House debates

Thursday, 15 February 2018

Questions without Notice

Deputy Prime Minister

3:02 pm

Photo of Tony SmithTony Smith (Speaker) Share this | Hansard source

I have listened to the Leader of the House and heard his point. I wanted to hear it carefully, which is why I asked him to repeat part of it when I had to deal with an interjecting member. His point about whether something's factually accurate or not is not a requirement of the standing orders. You may well argue it is something to be considered, but it would be something impossible to judge in question time. My approach on that is allowing the capacity for an answer, if a question does have factual inaccuracies in it, to deal with and expose them for the House to consider.

The concern I have is with imputations of improper motives.

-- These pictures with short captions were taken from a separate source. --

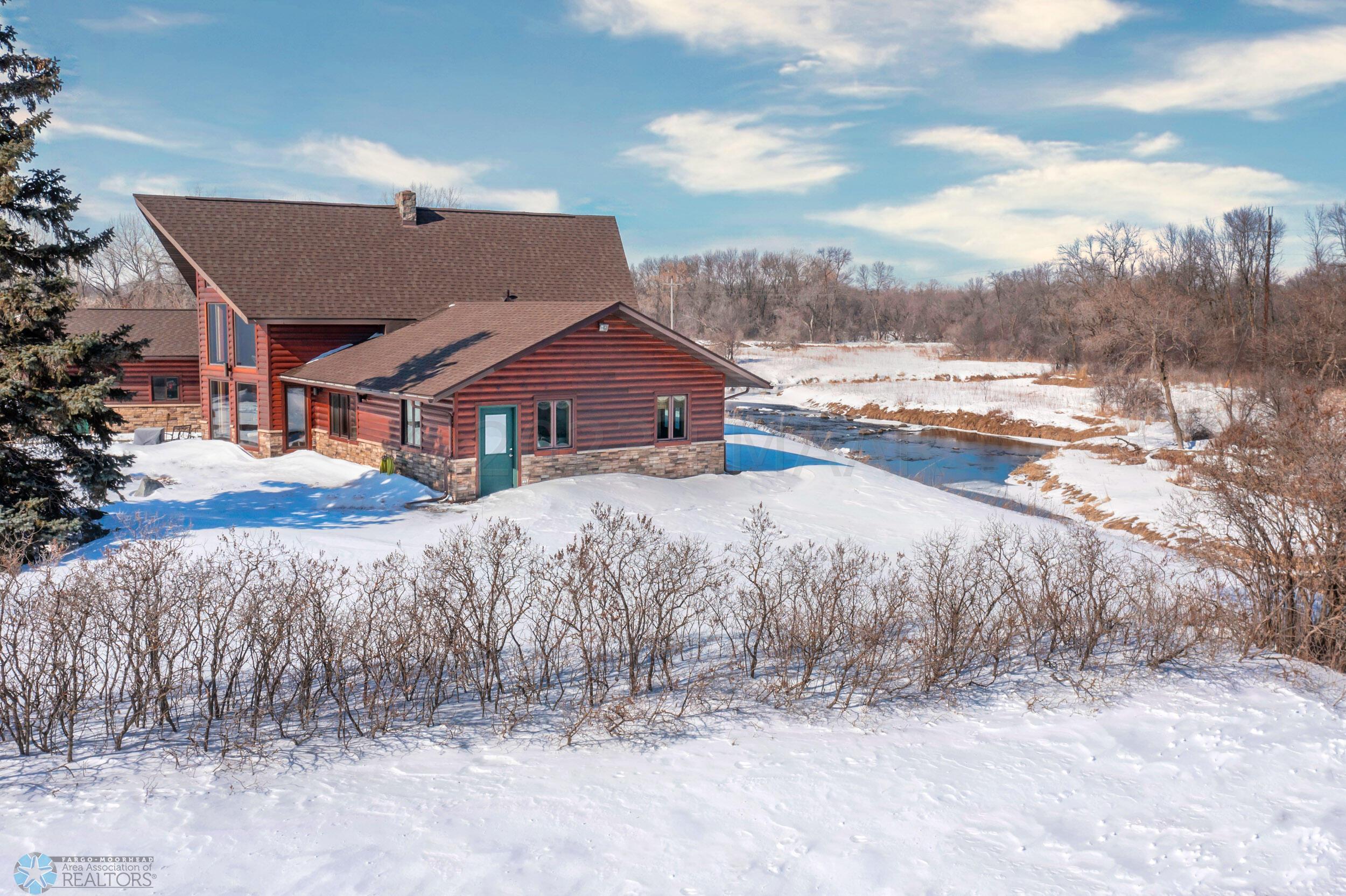 DJI_0114-Edit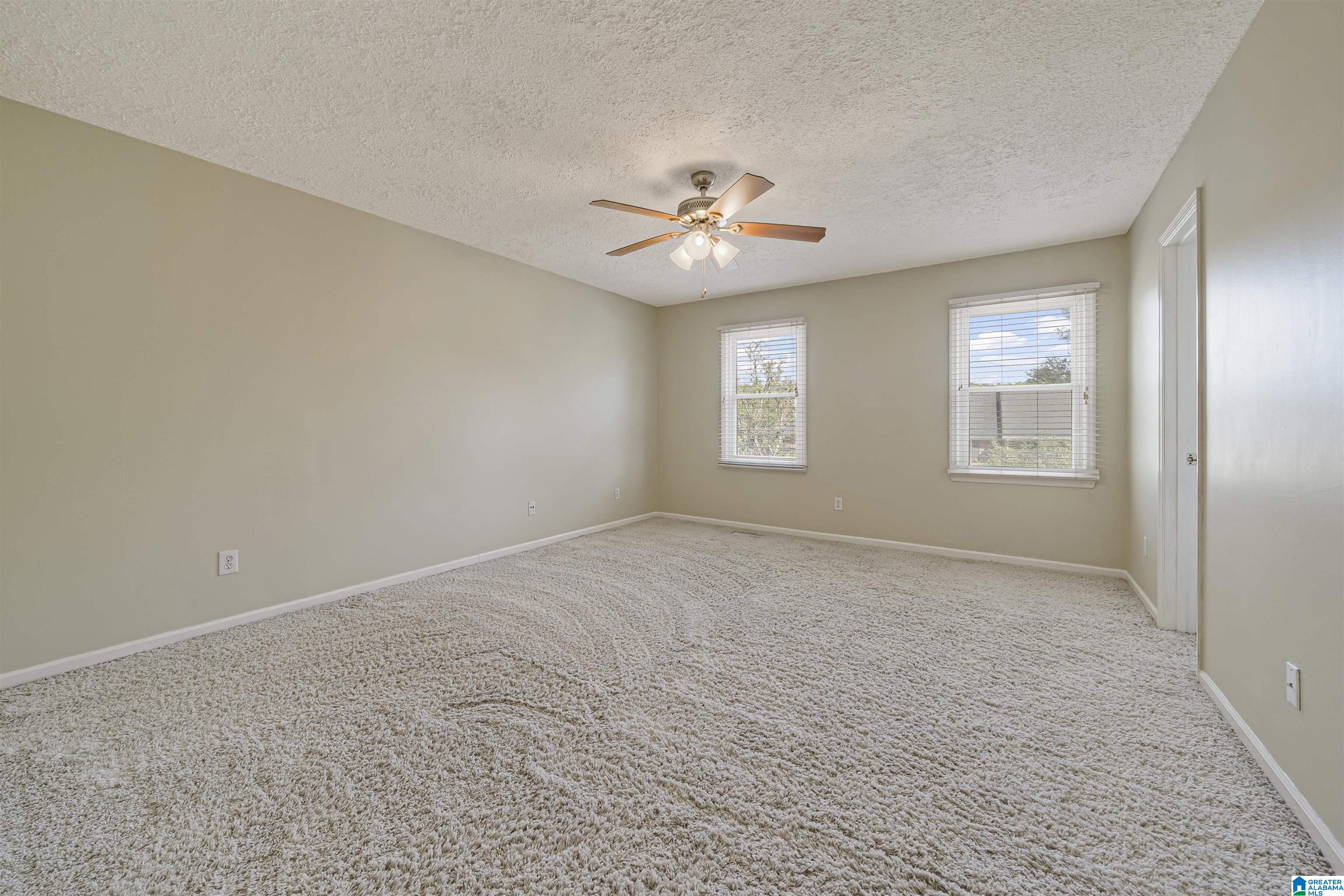 502 Old Rocky Ridge Lane Birmingham, AL 35216 - Photo 19 of 37
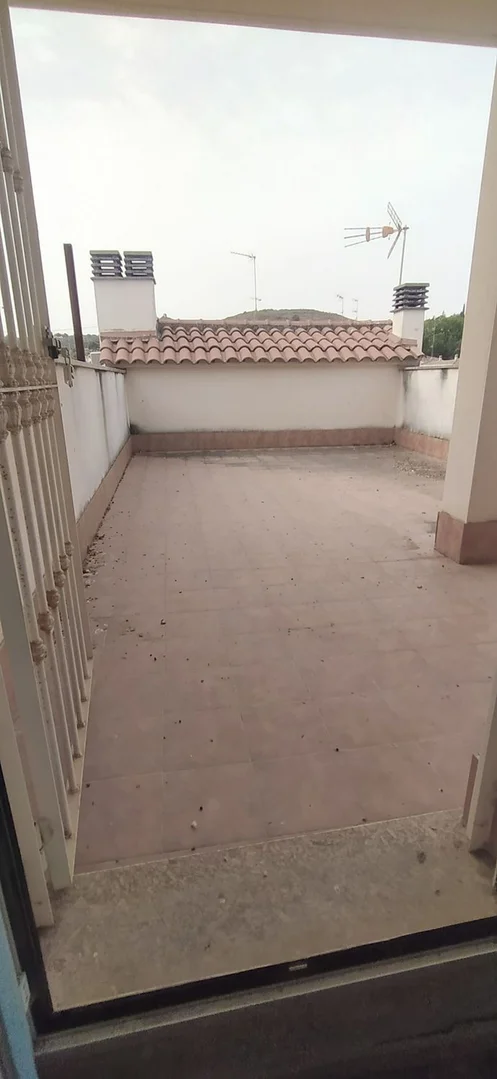 Dúplex en Calle Alfolí, 3 - Foto 7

That question did go close, but they were assertions and it was to the Prime Minister. The previous question from the member for Grayndler I almost ruled out of order. Actually, on reflection, the last part probably should have been for the same reason as with the member for Isaacs, which is that it is highly disorderly to impute an improper motive for the reason why a minister might be acting in the way they have or their department's acted in the way it has. I have listened very carefully to that. I sympathise with the position of the Leader of the House, but I am going to allow the question because I'm just not in a position to judge factual accuracy in question time. Assertions can be made. As far as the Leader of the House is concerned, they might be ridiculous assertions. They might be factually incorrect assertions. But for me to just rule them out actually prevents those being answered, so I'm going to call the Prime Minister.